My dad asked if I could come to the funeral which was going to be held the next day, Tuesday 8pm in Flushing, NY. I told him that I would figure it out. So Tuesday comes along and it turns out that I can't anyway. My dad found out I had intensive classes and told me to stay anyway. So now I know that I can't go to my grandfather's funeral. Wednesday was the day for all the presentations to be done in class. My first presentation went well, but the most important presentation was the second presentation. I was the last one to go, but before it was my turn to go, I get a text from my brother telling me that I was the only one from my entire family that didn't go to the funeral. My family members from Brazil and California came. I was in Chicago and I couldn't go to the funeral...wow, that just messed me up emotionally. I haven't cried yet at all and I couldn't hold it in anymore I guess cuz I couldn't stop crying. I did my presentation anyway, but I basically screwed it up because I cried throughout my presentation.

On Thursday, my boyfriend "broke up" with me. And just when I thought I couldn't get any lower, I sought some friends of mine that I knew lived next to me, but they were unavailable at the time. Although I knew they were probably busy (if I were to think like normal and not going through all these things), I had thought at the time that they had forgotten me and didn't care about me at all. This was not the case of course, but when you are in pain and are suffering, you attack yourself.

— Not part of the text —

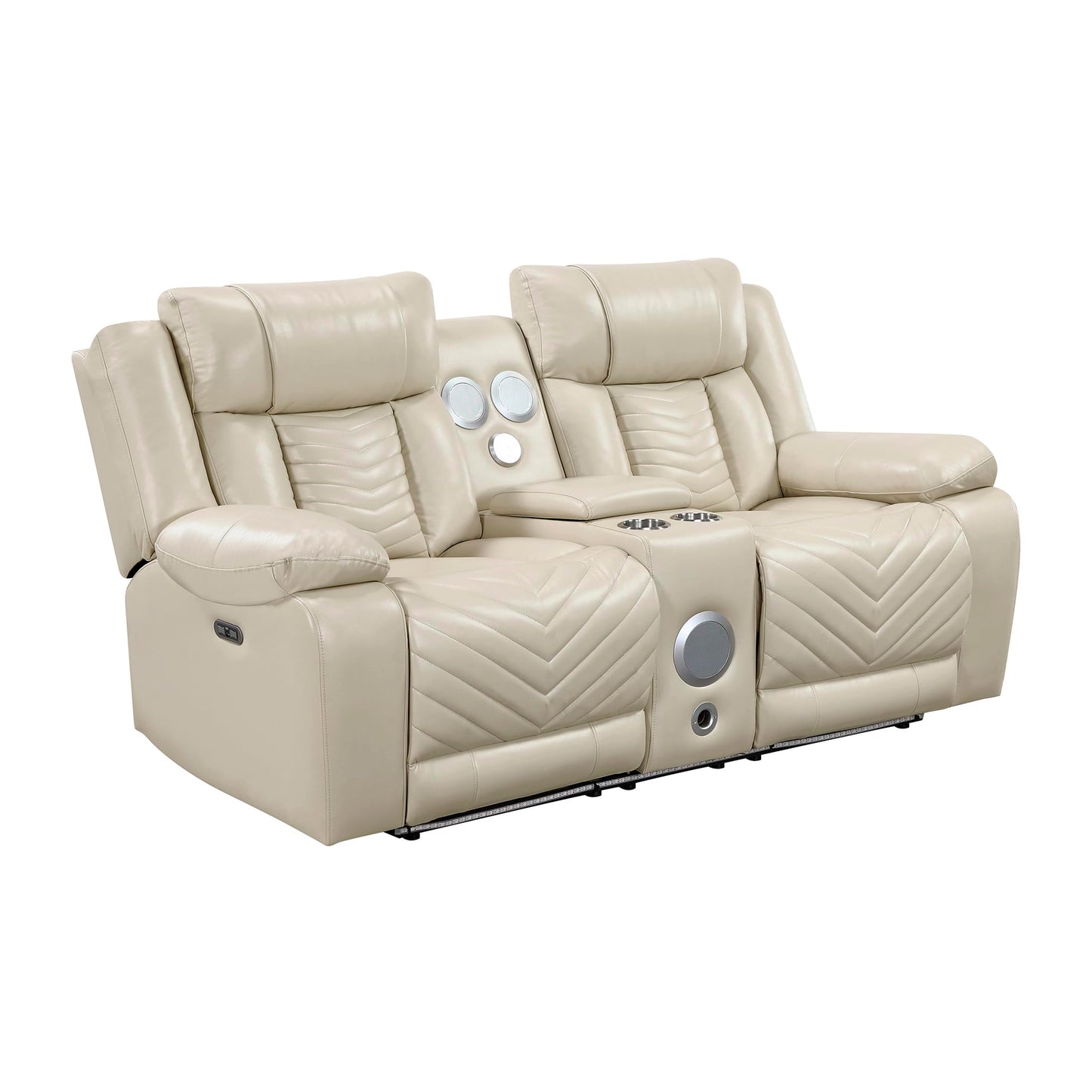 Lexicon Wall Hugger Power Double Reclining Loveseat with Console, Faux Leather Home Theater Seating with LED Lighting, Charging Ports, Bluetooth Speaker Wireless, Cup Holders, Hidden Storage, Beige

I never had bad stuff happen to me EVERY day like this before so I didn't understand and couldn't make sense of it, but the one thing I constantly did throughout was proclaim: God is good all the time and all the time, God is good!

Even when I didn't feel God near or feel Him near, I still proclaimed it because I believed He was. Why is it that it is during our pain and suffering when we cry out to God the most? Sometimes I think that God shouts to us everyday and we don't listen because we're havin a great time so it seems like whispering more than shouting. When I was in pain and I sought after Him through my cries, He seemed to be shouting already...not in hate. No. But in love. Telling me things like "I love you. You are not alone. You are never alone. Come to Me. I am trying to reach you, but I want you to choose to come to Me. I love you; I love you!" Oh what a fool I was if I ever doubted. Oh what a fool I was if I rejected Him. How great is our God!

Anyway, the next day, it kept getting better and better. I got back together with my boyfriend (he talked to me. It was a miscommunication. I had misheard because I was emotional and was going through a lot. I wanted to hear what I wanted to hear because I was attacking myself because I was in pain), hung out with a lot of friends who cared, and felt the peace of God.

Peace...

True peace is when you can find it in the midst of darkness and struggle. And I found it when I continued to proclaim that God is good throughout this period of bad stuff. I cannot guarantee that your pain will go away and that a Christian life is extremely easy (um, because it's NOT ::read my post prior to this one::), but what I can guarantee is that no matter what happens, God is good all the time.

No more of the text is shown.